About 40% of us will be making New Year’s resolutions this year, but just 8% of us will achieve these resolutions according to research from the University of Scranton. After one week, 75% of us will still be on the right track, 71% of us after two weeks, 64% after one month, and 46% after six months.
As I’ve mentioned before, moderation is not a strength of most people. We are naturally drawn to extremes, and resolutions are not an exception to the rule. We either set too many resolutions or make our goals much too lofty. This is not an appropriate time to make, “go big or go home” a personal mantra. Take it from me – I would know. I made 30 resolutions every year for five years. Crazy.
You’ve likely heard of ‘SMART’ goals, but it’s never a bad thing to review, so here is what it stands for:
Specific – what exactly is it that you are trying to achieve?
Measurable – how will you know if you’re achieving the goal by measuring your success?
Achievable – is it a realistic goal and one that you have control over?
Relevant – is it applicable to your life and relevant to you right now?
Time-Bound – what is a realistic timeframe for achievement of this goal?
Here are some examples of crappy resolutions and recommendations to make them a little better:
Crappy Resolution: I’m going to lose weight. Better Resolution: I will lose ten pounds over the next six months and then maintain that loss for the rest of the year. I will weigh myself twice a week to stay focused.

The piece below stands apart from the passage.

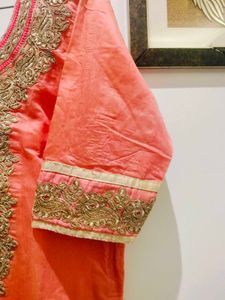 Peach &amp; Gold Embroidered Kurti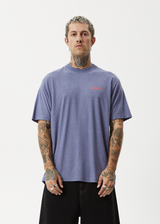 AFENDS Mens Staple - Boxy Tee - Washed Marlin - Afends mens staple   boxy tee   washed marlin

Crappy Resolution: I’m going to get organized. Better Resolution: I’m going to spend one hour a week on Tuesdays, Thursdays, and Saturdays filling out my calendar and day planner, sorting mail and paying bills, and writing a menu and grocery list for the week. I will keep a record of weeks where I accomplish my goal.
Crappy Resolution: I’m going to spend less money, and save more money. Better Resolution: I’m going to stick to my budget of _________ dollars per month for entertainment, _____ dollars per month for clothing, and _________ dollars per month for home décor. I’m going to keep track of what I spend using an app.

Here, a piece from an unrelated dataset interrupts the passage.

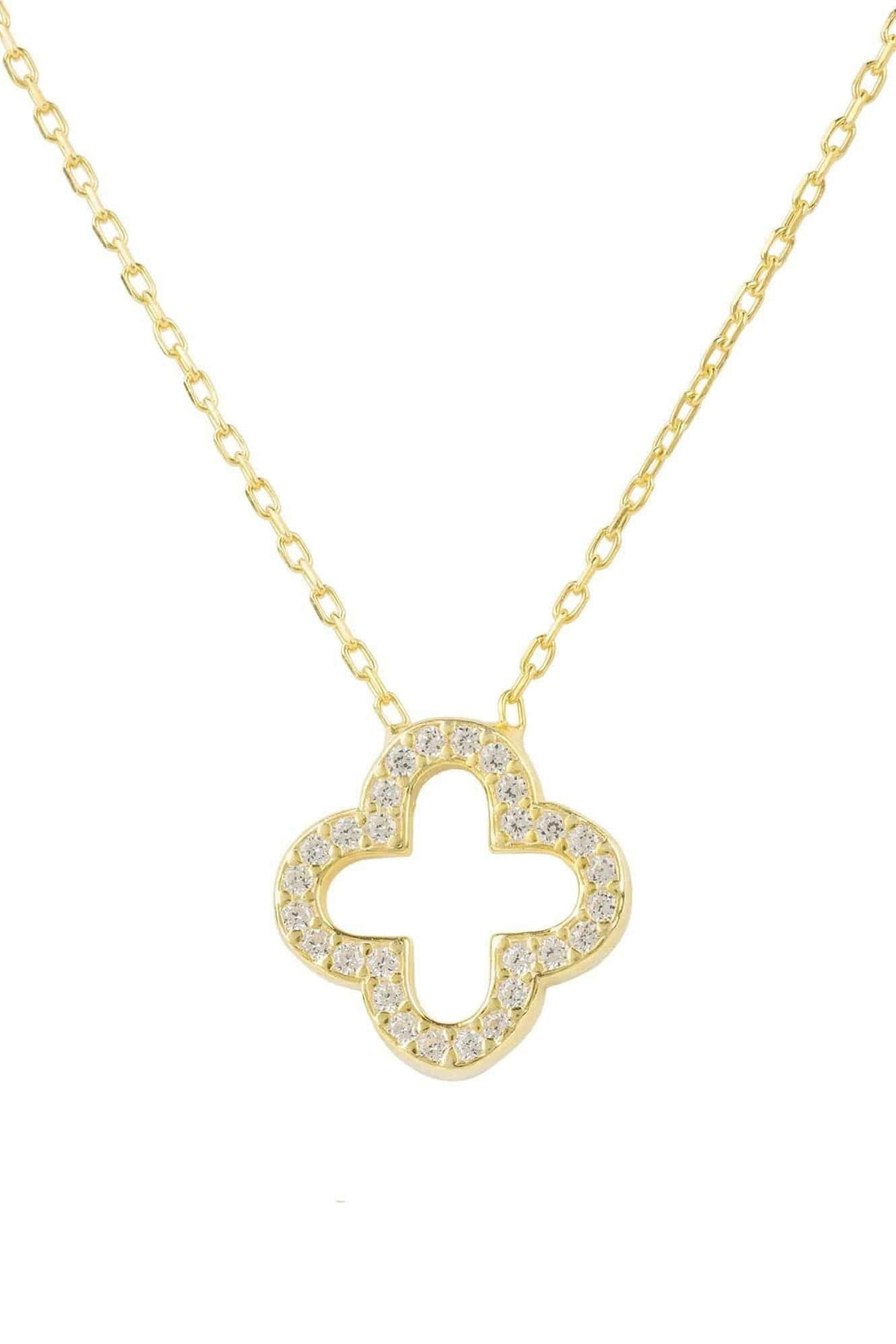 Gold-tone open clover pendant necklace with sparkling stone border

All of these goals are specific, measurable, achievable, and time-bound. However, if you were setting these resolutions, only you would know if they were relevant to your life or not. Maybe you’re setting the resolution to lose ten pounds, but if you’re honest with yourself, you’re doing it because you feel like you should and not because you actually care. Maybe you’re setting yourself up for failure by saying that you’re going to spend time getting organized each week when your goal really should be to quit committing to help out with projects that your heart really isn’t in. Maybe if you do that and free up some time and space in your head, you’ll become more organized as a result.

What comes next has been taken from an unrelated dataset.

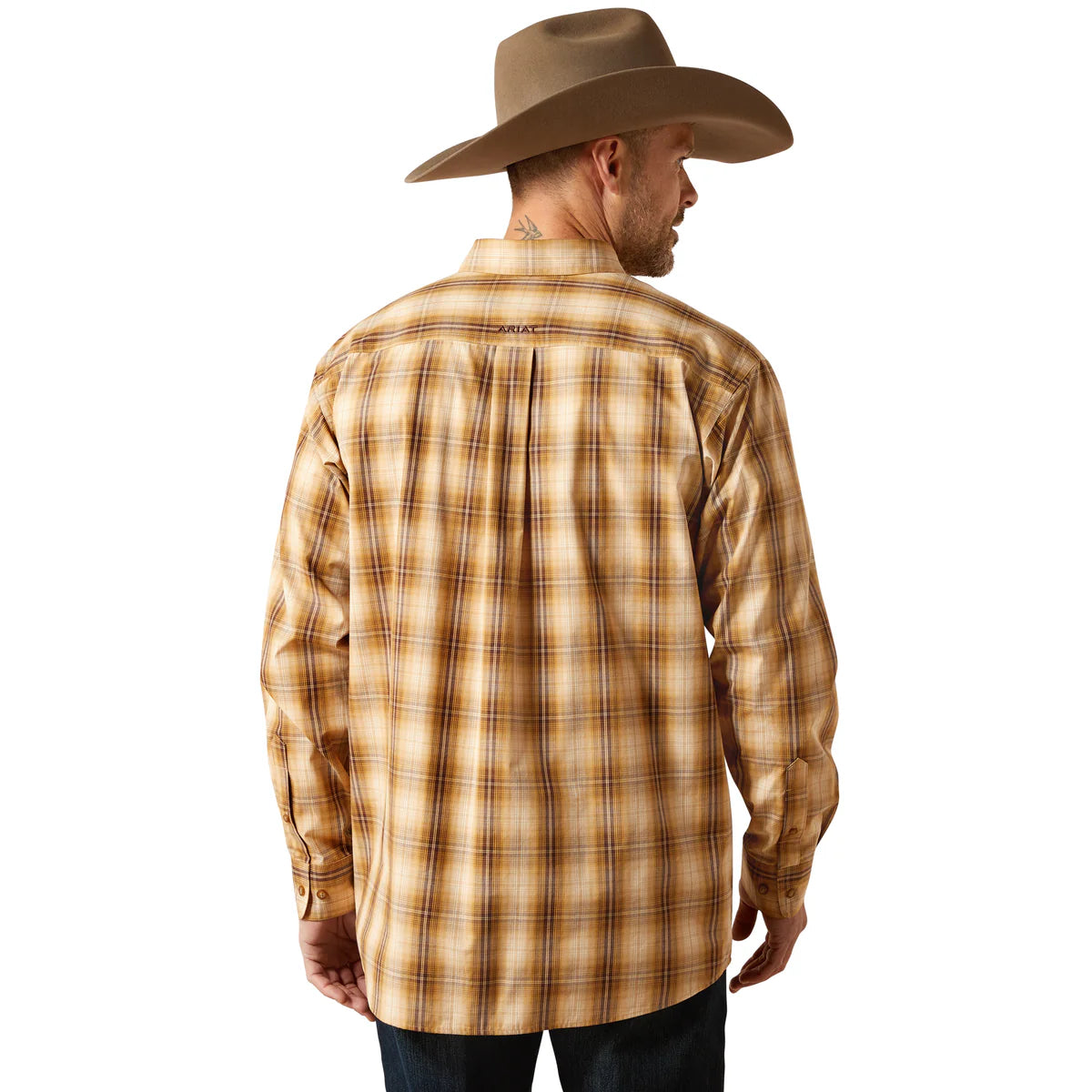 Ariat Mens Pro Series Tiger L/S Shirt - Mustard - 10065773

Make it easy on yourself. This is going to be hard enough without you making it more difficult than necessary. Pack your gym bag the night before, make a big batch of something healthy on Sunday that you can eat for lunch all week, put a basket on the table to corral your mail as soon as you bring it into the house, or block out time on your calendar to do whatever it is that you want to do.
For every resolution, picture yourself practicing it one year from now. Does the idea of it make you chuckle? Do you inwardly groan, “yeah, right, that will happen”? If so, this probably isn’t the best resolution for you, and you should reconsider. It definitely helps if you are able to link your resolution to a core value of yours – for example, happiness, family, freedom, or pleasure. Focus on the broader goal. You’re not just losing 10 pounds. You’re losing ten pounds so that you will feel healthier and be able to enjoy your life more.
When people fail to achieve their resolution, whether one week in January or at the end of August, they almost always blame their own lack of willpower. They make it about some personal character flaw and in the process drag their self-esteem through the mud…which makes it much less likely that they will get back on that horse and try again. This sort of mindset tends to be self-fulfilling; if you believe that you don’t have willpower around sweets, guess who’s going to grab a candy bar at the checkout line tomorrow? That’s why it’s critically important that you continue to gauge your progress and focus on what you’ve already accomplished every single day.
Your resolution is not a failure as soon as you slip up. It’s not like you can just say, “Ah well, then, I’ll just try again next year” and slip out for a smoke, buy a box of Twinkies, or order another mojito. We are going to mess up. Ok, I’ll rephrase. Most likely, most of us will slip up or at the very least will be extremely tempted to screw up. It will be OK though because we will have a concrete plan of what to do when it happens. We know that this is a marathon and not a sprint. It helps that we made SMART resolutions and didn’t do anything stupid like decide to go running every morning at 5 a.m. when we know that we are probably going to hit snooze no less than ten times most days of the week. No, that would be self-destructive! We didn’t set 30 resolutions, did we? Hell no. We are going to be just fine.
Some people would argue that the most critical aspect of setting resolutions is not whether you ultimately achieve your goal, but that you’ve taken the time to evaluate your life and recognize that change and growth are an essential part of happiness and success. Merely setting a resolution, before we’ve even taken the first concrete step towards achieving our goal, makes us feel more hopeful and in control of our life. That is the whole point.